[EXERCISE PROMPT] Output each line of the data below exactly, omitting any image.

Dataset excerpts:
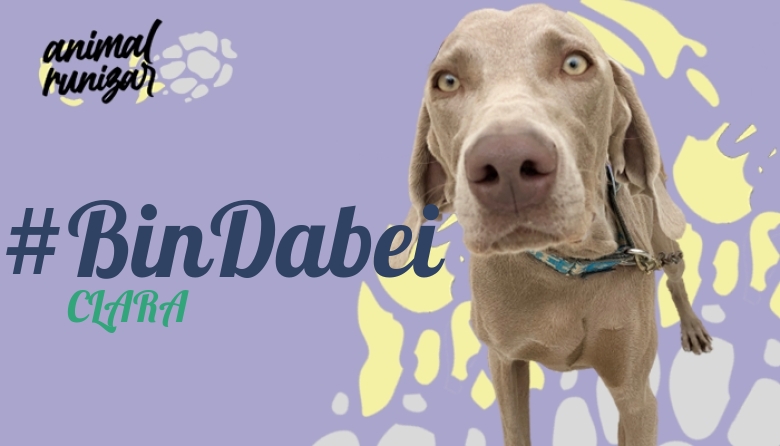 #ImGoing - CLARA (ANIMALRUNIZAR 2022)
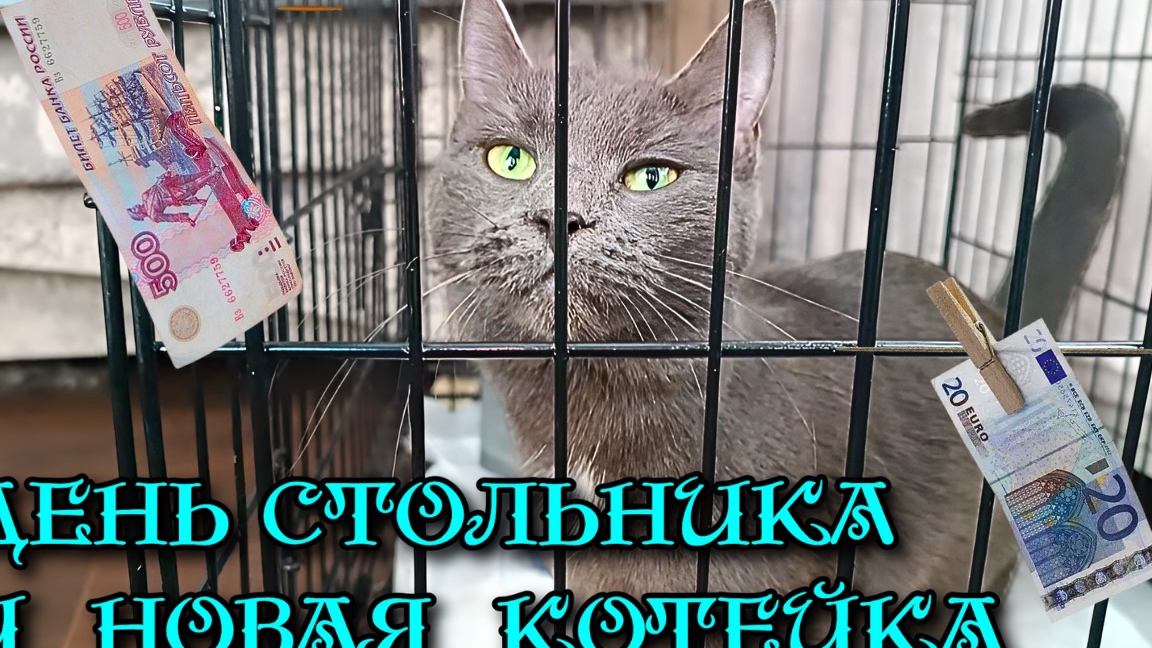 День Стольника и новая котейка. смотреть онлайн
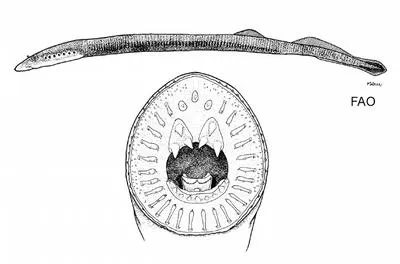 Australian lamprey (Mordacia mordax)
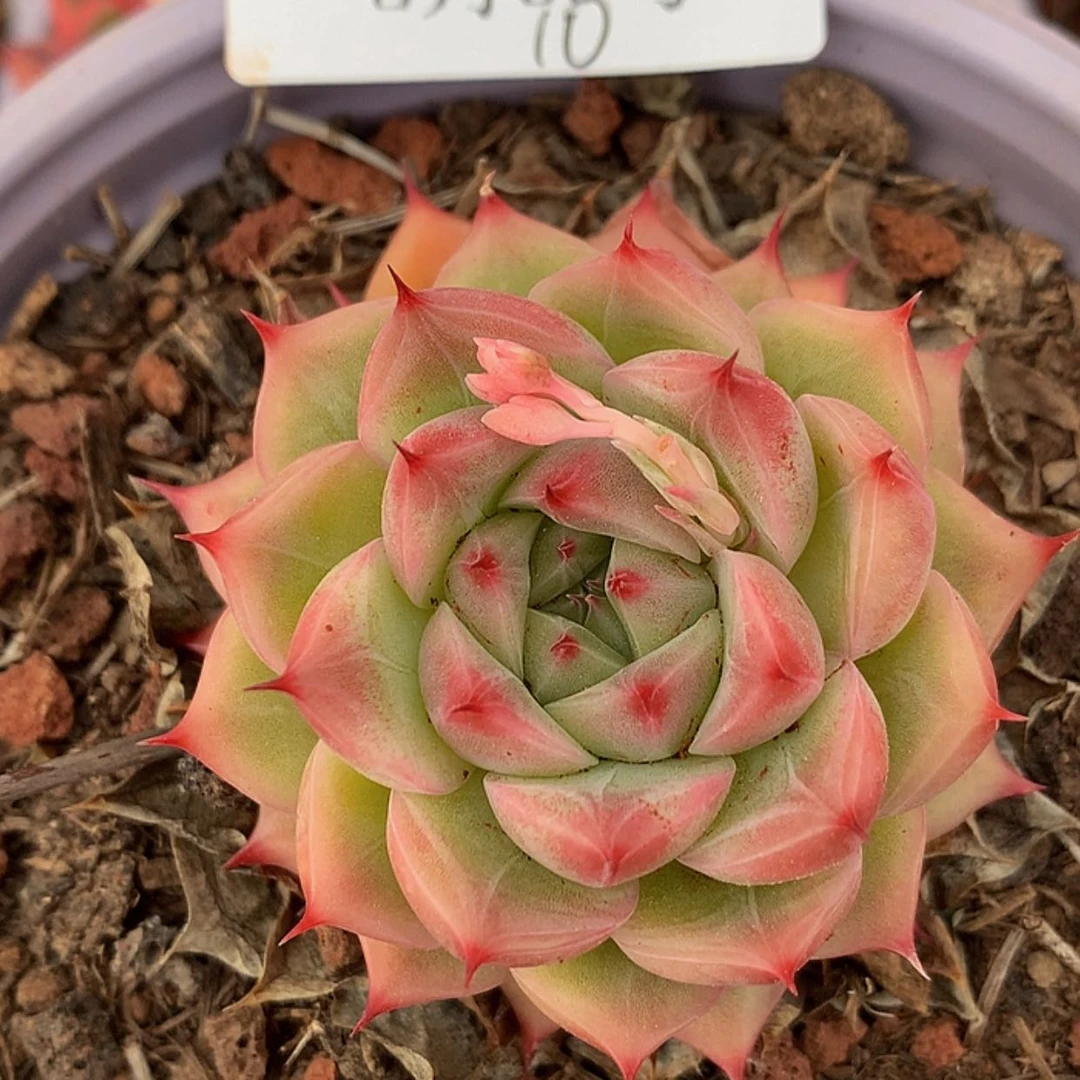 【闪购商品】云1583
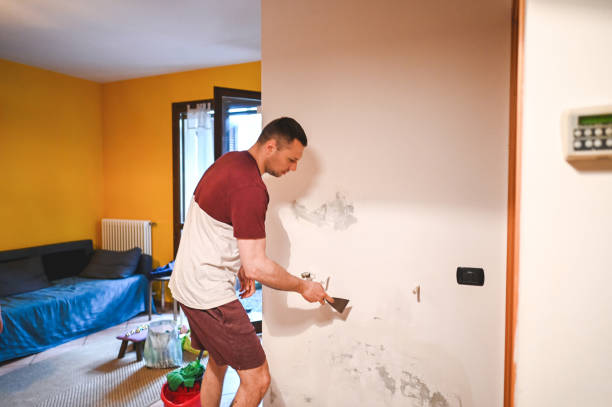 Best Residential Mold Remediation in Newton, TX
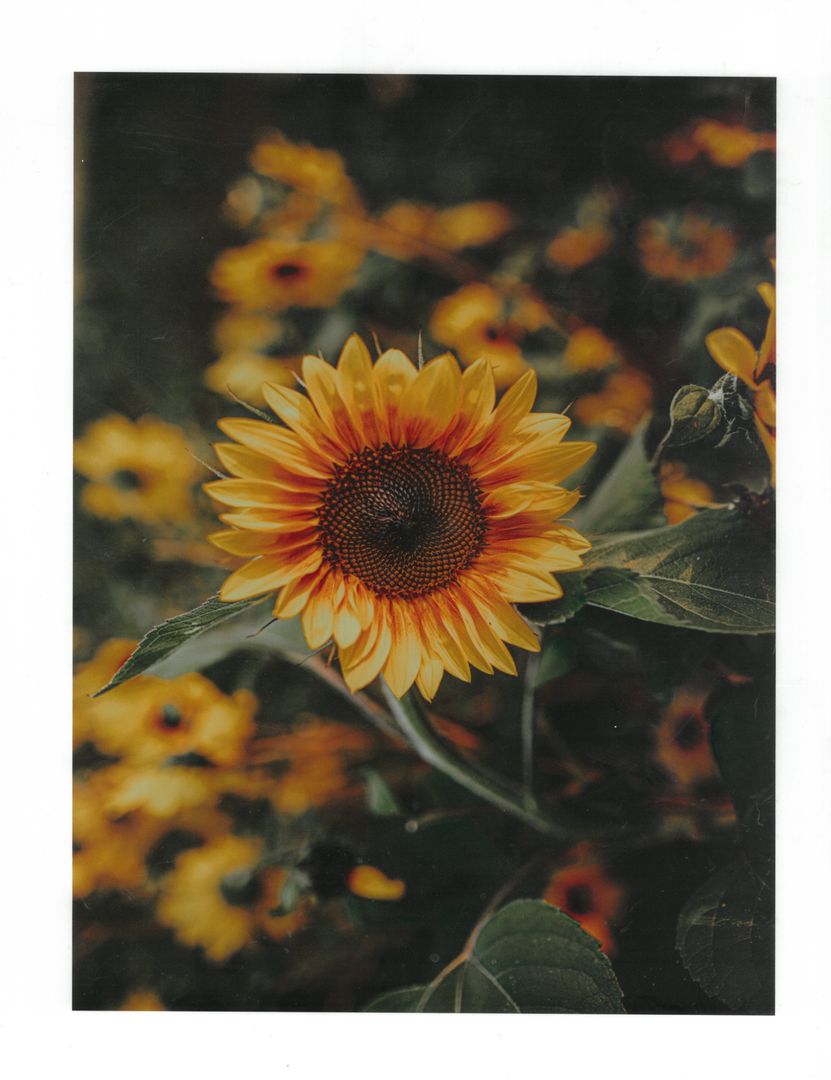 JS LG Print- Sunflower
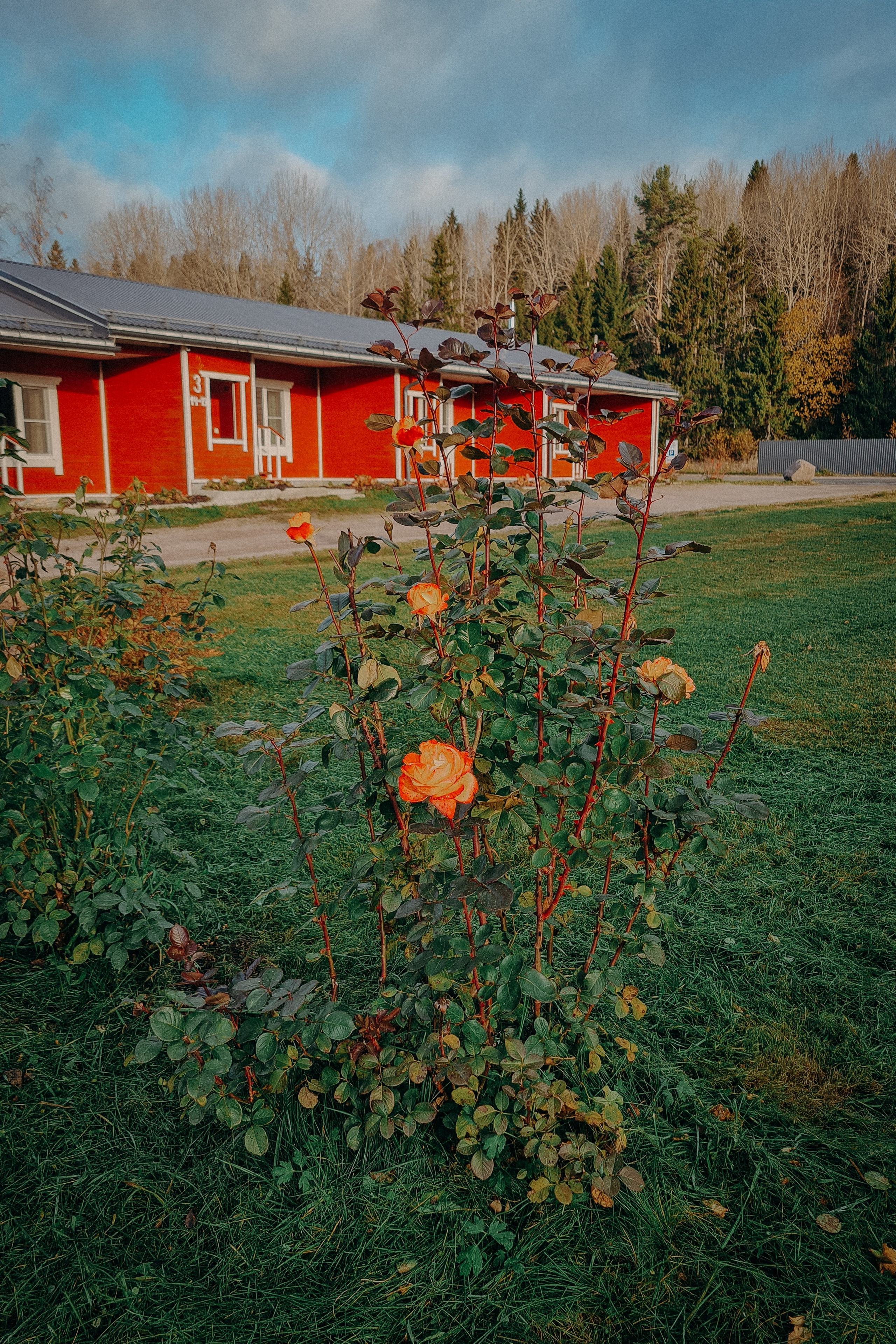Осенняя поездка в Карелию. Свадебный фотограф в Санкт-Петербурге Венера Ахметова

[TASK ANSWER]
 #ImGoing - CLARA (ANIMALRUNIZAR 2022)
 День Стольника и новая котейка. смотреть онлайн
 Australian lamprey (Mordacia mordax)
 【闪购商品】云1583
 Best Residential Mold Remediation in Newton, TX
 JS LG Print- Sunflower
Осенняя поездка в Карелию. Свадебный фотограф в Санкт-Петербурге Венера Ахметова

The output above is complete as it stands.